皮膚にはバリア機能があります。体内から体外へのバリアが障害されると皮膚(主に角質)の水分量が減少して乾燥肌になります。

乾燥肌が続くと、痒みを感じる神経が皮膚の表面に伸びてきて、服が擦れたといった軽微な刺激で痒みを生じるようになります。体外から体内へのバリアが障害されると、外部からの刺激で容易に皮膚炎が生じたり、感作といって特定の物質に対して過剰な免疫反応(アレルギー)が起こりやすくなったりします。

細菌などの病原体も皮膚の表面に付着、増殖、あるいは侵入しやすくなるので、感染症のリスクも高まります。

皮膚バリアを補完、維持するためには保湿が重要です。保湿剤は入浴後、可及的速やかに使用するのがよいでしょう。洗浄で皮膚表面の皮脂が除去されるため、そのままでは皮膚の乾燥がさらに進んでしまいますし、角質層が膨潤しているため塗り薬の浸透性がよいからです。

ちなみに入浴中に皮膚に吸収された水分量は10分程度で元に戻ってしまうといわれています。

増加するマスクトラブル

ここ数年、マスクを着用することによる皮膚トラブルが増えています。ヒリヒリ・チクチクなどの違和感、赤み・ぶつぶつ・痒みといった皮膚炎、ニキビ・吹き出物のような感染症が代表的な症状です。

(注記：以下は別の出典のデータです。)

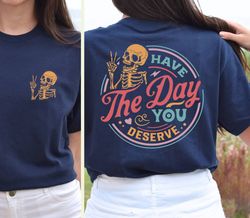Have The Day You Deserve Shirt,Sarcastic Shirts,Kindness Gift For Womens Mens,Inspirational Motivational Skeleton Shirt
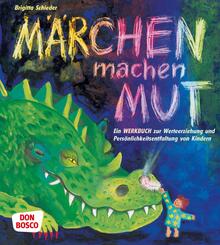 M&auml;rchen machen Mut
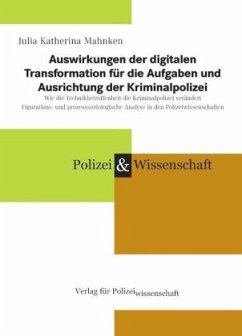 Auswirkungen der digitalen Transformation für die Aufgaben und Ausrichtung der Kriminalpolizei - Mahnken, Julia Katherina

原因の第一は、蒸れです。気密性が求められるため、マスク内環境は皮膚にとって過酷です。角質がふやけて剥がれやすくなりバリア機能が低下する上、ふやけた角質で毛穴が詰まり、マスク内温度の上昇で皮脂の分泌も高まります。その上、マスクを外した瞬間から皮膚は急速に乾燥し、さらにバリア機能が低下する悪循環に落ち入ります。

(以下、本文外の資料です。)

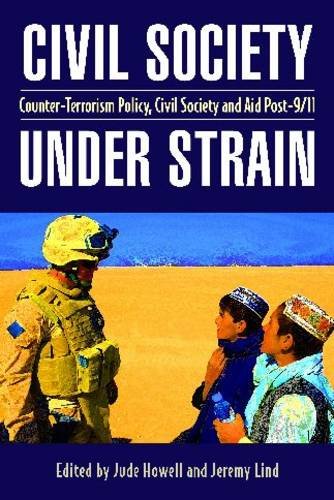 Civil Society Under Strain: Counter-terrorism Policy, Civil Society, and Aid Post-9/11 book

摩擦もトラブルの原因になります。マスクが大きすぎてズレてしまう以外にも、素材が硬い、縫い目や紐の接着部が擦れる、ゴム紐がきつすぎて耳に食い込むといった要因でおこります。

話すことが多い場合は唇も荒れますし、男性で顎髭が伸びていると、話をするたびに擦れてマスクがズレやすくなるため注意が必要です。

対策としてはマスクをつける前の保湿が重要で、唇が荒れやすい場合は唇の保湿も忘れないようにしましょう。

マスクを外した後には洗顔し、保湿をしっかり行います。蒸れているから保湿は不要と思いがちですが、蒸れと保湿は別ものです。一日中マスクをする場合は、昼食後に新しいものに交換するのも一法です。また、適切な大きさのマスクを正しく装着することで摩擦を軽減できます。

細菌などの病原体も皮膚の表面に付着、増殖、あるいは侵入しやすくなるので、感染症のリスクも高まります。

敏感肌の人は不織布マスクの下にガーゼなどの布や綿・絹素材のマスクを挟んで使用するなどの工夫を試してください。